There's a genre of fiction that's exploding right now, and most people outside of certain corners of the internet have never heard of it.

It's called LitRPG — short for Literary Role-Playing Game — and it's exactly what it sounds like: novels that use the mechanics of video games as part of the story. Characters level up. They gain experience points. They have stats, skill trees, and inventory systems. The world operates on game-like rules, and the characters know it.

If you've ever played Skyrim, Dark Souls, World of Warcraft, Diablo, or any RPG, you already understand the language. LitRPG takes that framework and builds real stories inside it — stories with character development, emotional stakes, humor, and consequences that go far beyond "what loot did I get."

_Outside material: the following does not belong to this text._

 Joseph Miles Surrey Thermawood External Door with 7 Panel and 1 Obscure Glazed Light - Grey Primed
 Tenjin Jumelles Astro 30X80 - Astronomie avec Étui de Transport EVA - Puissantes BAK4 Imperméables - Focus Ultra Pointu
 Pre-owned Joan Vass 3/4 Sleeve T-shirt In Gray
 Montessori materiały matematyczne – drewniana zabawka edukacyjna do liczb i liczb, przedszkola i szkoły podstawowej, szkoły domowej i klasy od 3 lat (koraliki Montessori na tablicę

And the biggest name in the genre right now is Dungeon Crawler Carl.

Dungeon Crawler Carl: The Basics

The premise is simple and completely unhinged.

Aliens show up and flatten every structure on Earth, killing everyone inside. The survivors — anyone who happened to be outside — are herded underground into a massive, multi-level dungeon. This dungeon is broadcast as a reality show to the rest of the galaxy. Think The Hunger Games meets a Twitch stream, except the audience is aliens betting on who lives and dies.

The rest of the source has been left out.